### What you are asked to do
Exact copy, no pictures: output each line below as it stands.

Captioned web images
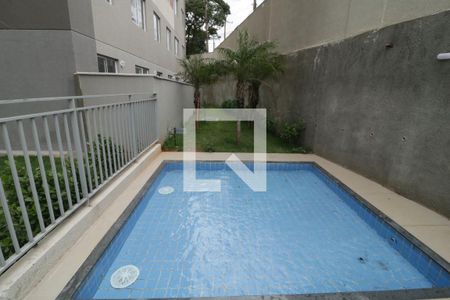 Apartamento à venda com 35m², 2 quartos e sem vagaÁrea comum - Piscina
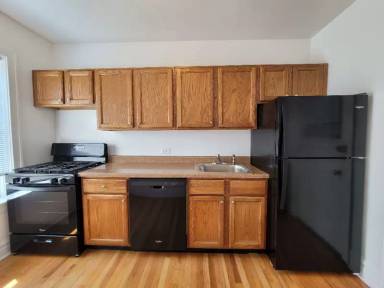 Main picture of 1909 W Larchmont Ave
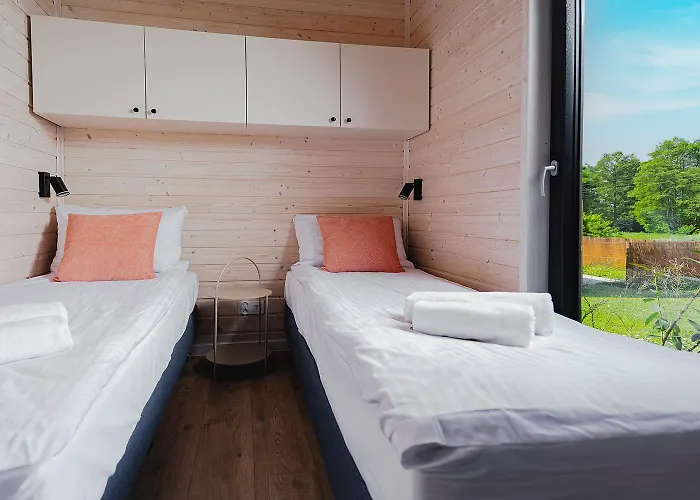 Bed & Bike - Domki, Sauna, Jacuzzi & Rowery Тшенсач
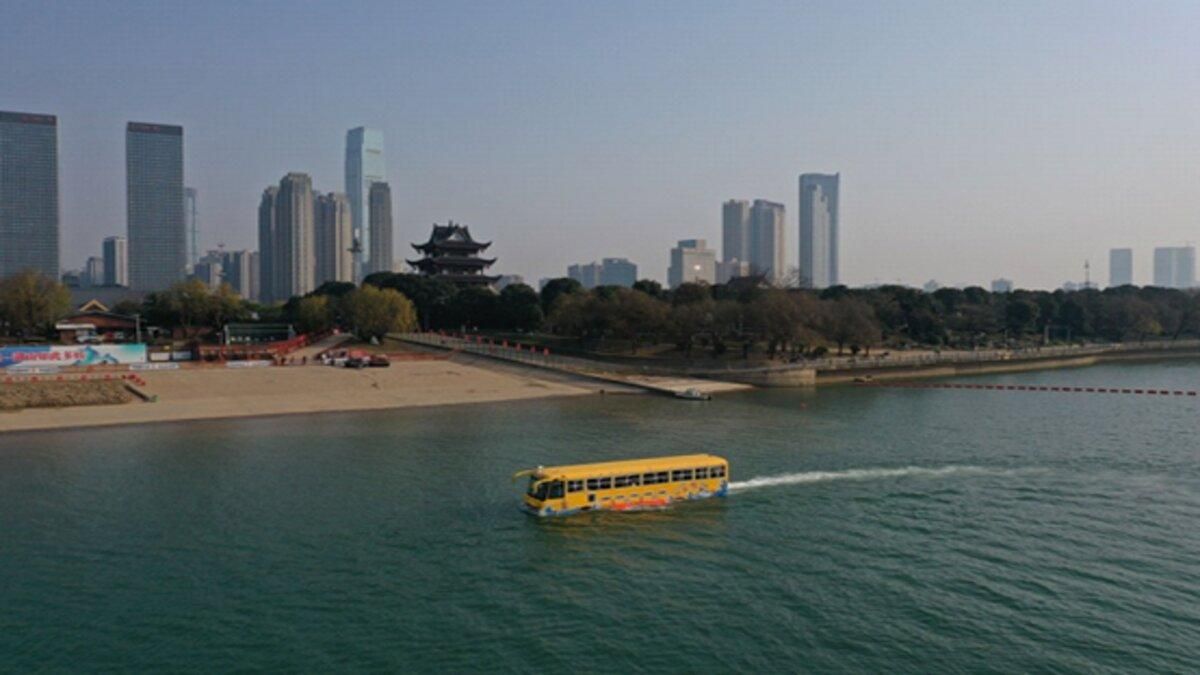 У Китаї з'явився унікальний автобус-амфібія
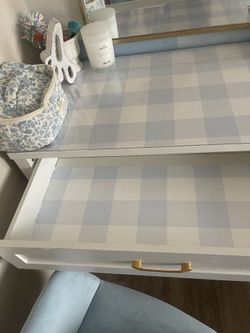 Desk/vanity with chair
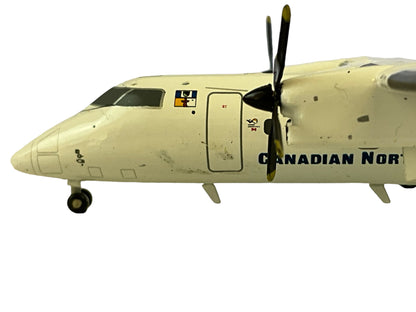 1/200 JC Wings (JC2013) DeHavilland DHC8 "Dash8-102" (C-GZKH) Canadian North (Limited Edition)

### Solution to this task
 Apartamento à venda com 35m², 2 quartos e sem vagaÁrea comum - Piscina
 Main picture of 1909 W Larchmont Ave
 Bed & Bike - Domki, Sauna, Jacuzzi & Rowery Тшенсач
 У Китаї з'явився унікальний автобус-амфібія
 Desk/vanity with chair
 1/200 JC Wings (JC2013) DeHavilland DHC8 "Dash8-102" (C-GZKH) Canadian North (Limited Edition)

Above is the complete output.